To be fair, the collected works themselves are all great. "The Jewel of the Seven Stars" is an eerie tale about an archaeologist, his lovely daughter and a mummy brought from Egypt. The book was written by Bram Stoker (best known as creator of Dracula) and originally published in 1903.
The excerpt of Jane Webb's "The Mummy" here includes a scene in which two heroes arrive at a pyramid in Egypt (riding a modernized "balloon") and they conduct one experiment inside it. Some part may remind you of the "Indiana Jones" films.

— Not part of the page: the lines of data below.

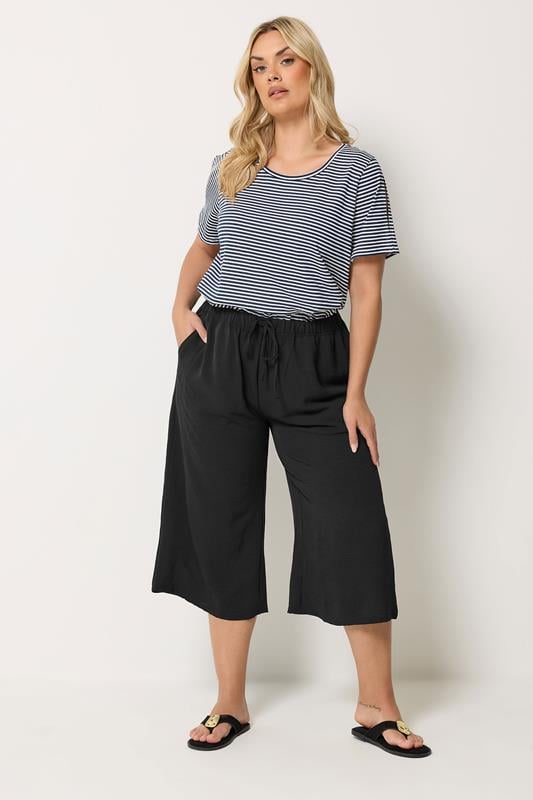 YOURS Plus Size Black Culottes | Yours Clothing 1
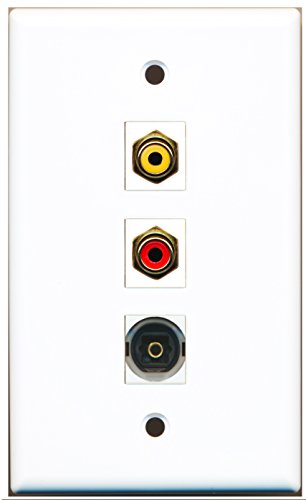 RiteAV - 1 Port RCA Red and 1 Port RCA Yellow and 1 Port Toslink Wall Plate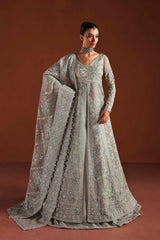 Woman wearing a silver embroidered gown with a cape against a brown background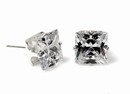 10 MM SQUARE CZ STUD EARRINGS (CLEAR CZ)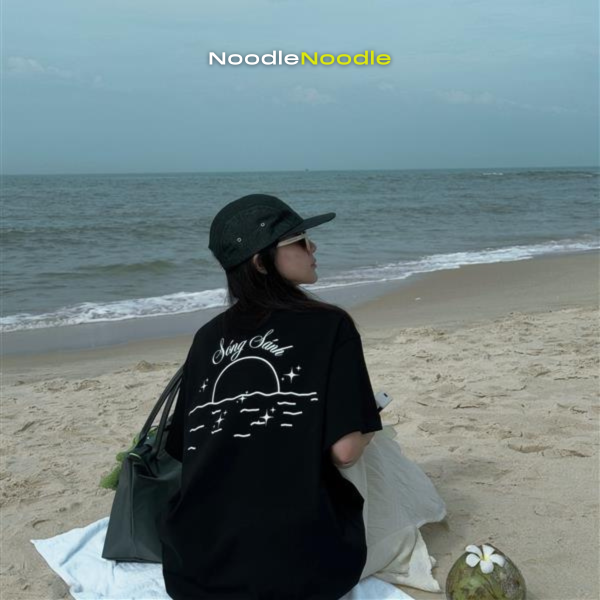 NoodleNoodle – Áo Phông Đen Unisex Sóng Sánh - Hình ảnh 6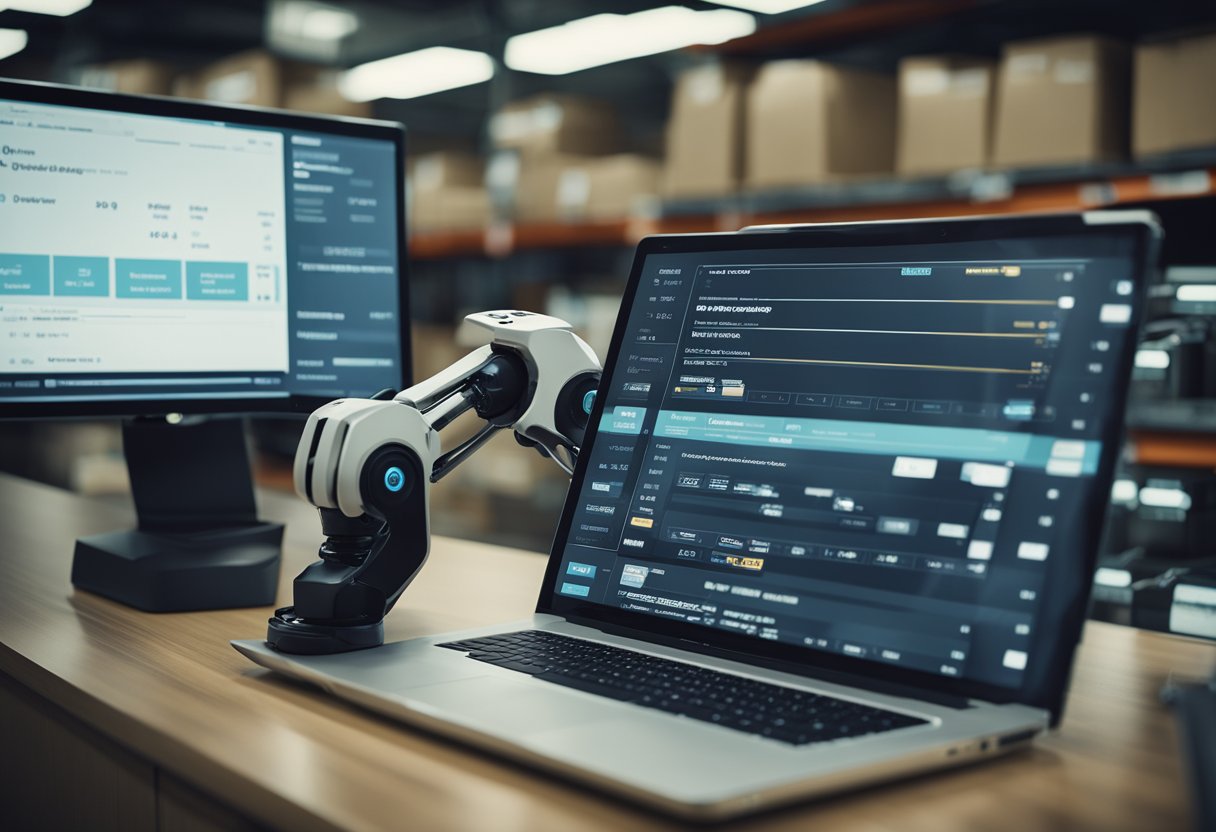 Ecommerce automation in action: A computer screen displays a seamless process of product ordering and payment, while a robotic arm packages items for shipping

"Some Words with a Mummy" is not a horror story. The conversation with the mummy is a satire which is still interesting to read. Doyle's "The Ring of Thoth" follows a story of a researcher who, being trapped in the Egyptian room in the Louvre at midnight, witnesses something unusual there. In "Lot 248" an Oxford student suspects that another student living in the same building is actually engaged in a sinister plot against others.
The book "Return from the Dead" has a 6-page introduction by David Stuart Davies, which is readable, but too short, I am afraid. The collection is not a bad choice if you haven't read the Stoker's story, but remember the book does NOT have any notes.